THE PROBLEM
Write out each line of the listing as it stands, without the images.

Top of DATA

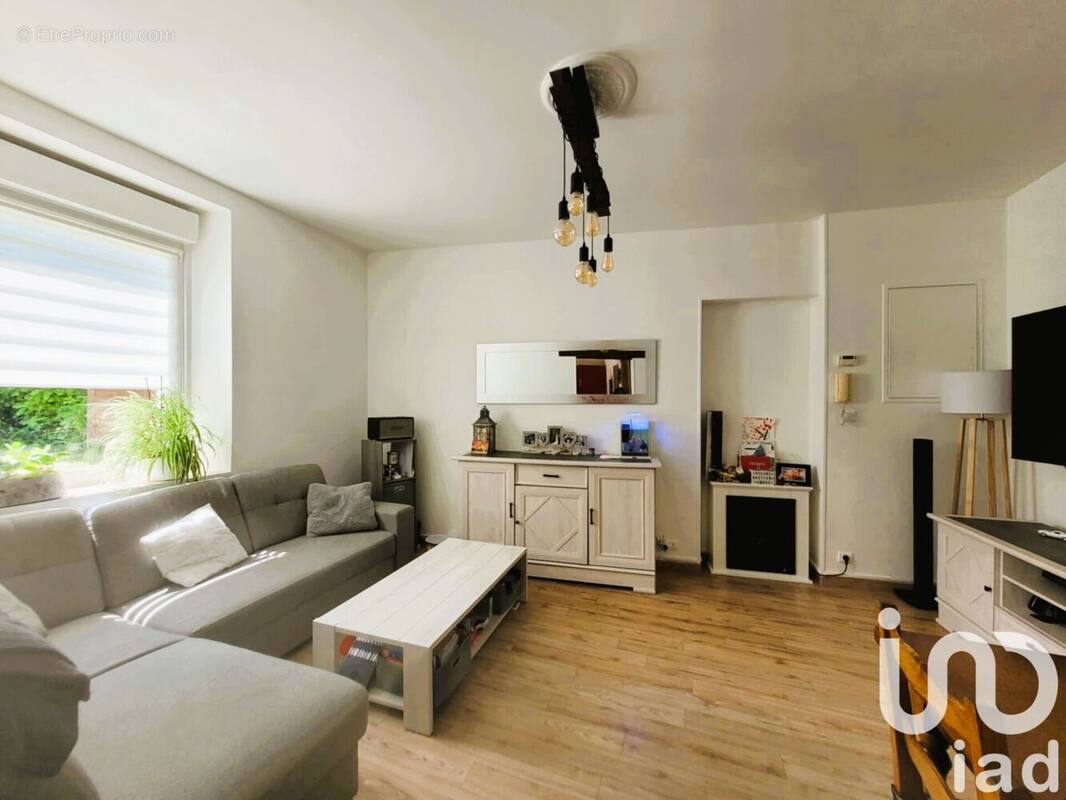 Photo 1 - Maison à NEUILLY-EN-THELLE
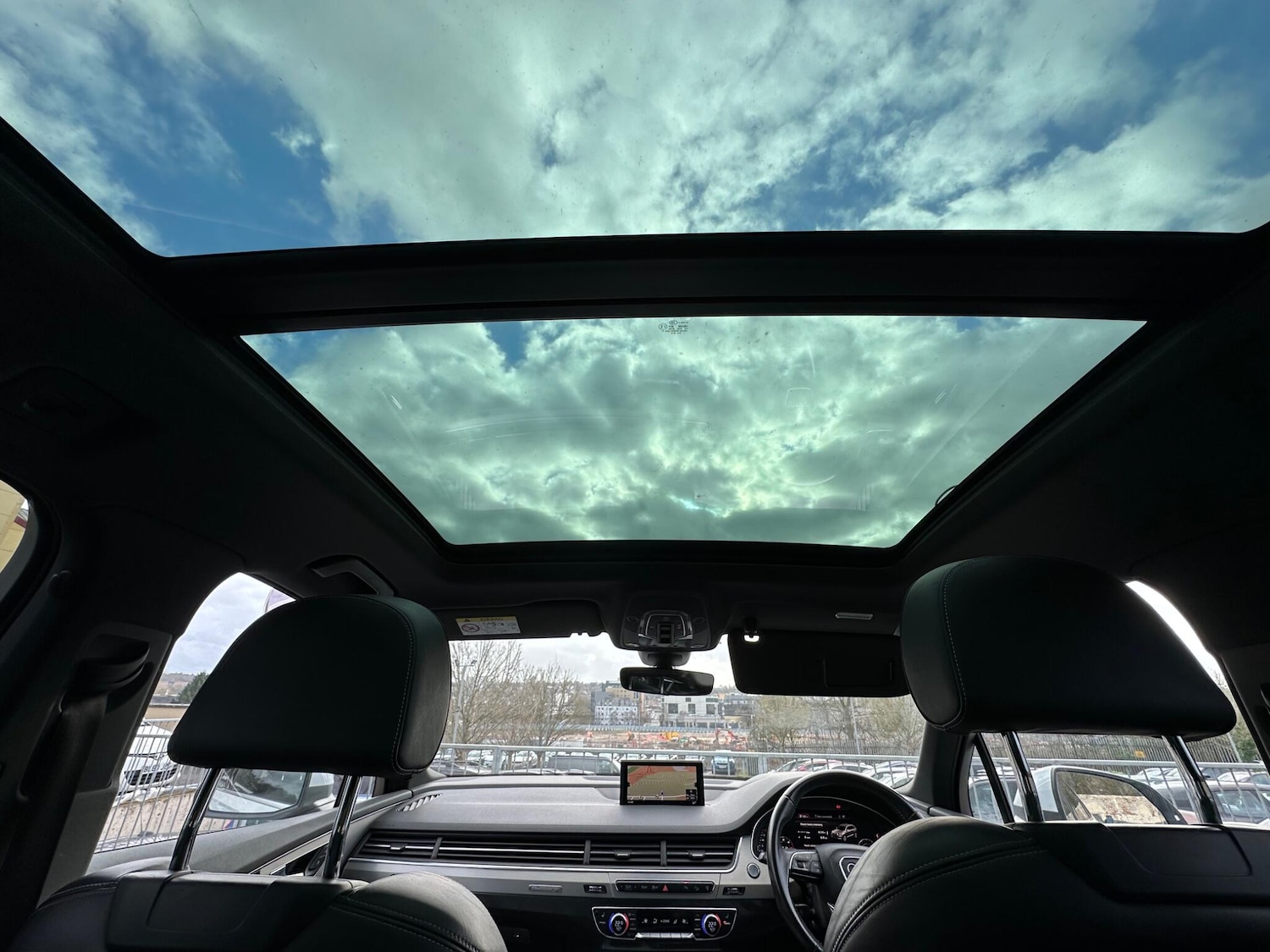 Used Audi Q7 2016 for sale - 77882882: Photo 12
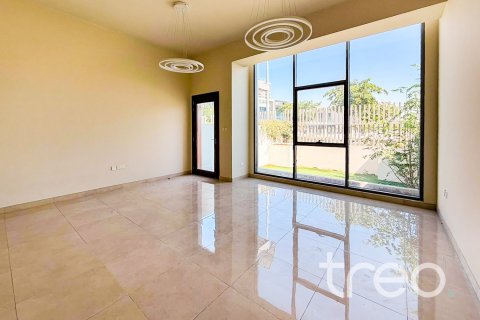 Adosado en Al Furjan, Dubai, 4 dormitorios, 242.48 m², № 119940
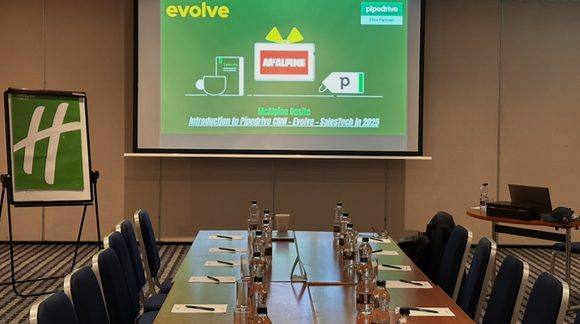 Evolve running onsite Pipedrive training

Bottom of DATA

FINAL ANSWER
 Photo 1 - Maison à NEUILLY-EN-THELLE
 Used Audi Q7 2016 for sale - 77882882: Photo 12
 Adosado en Al Furjan, Dubai, 4 dormitorios, 242.48 m², № 119940
 Evolve running onsite Pipedrive training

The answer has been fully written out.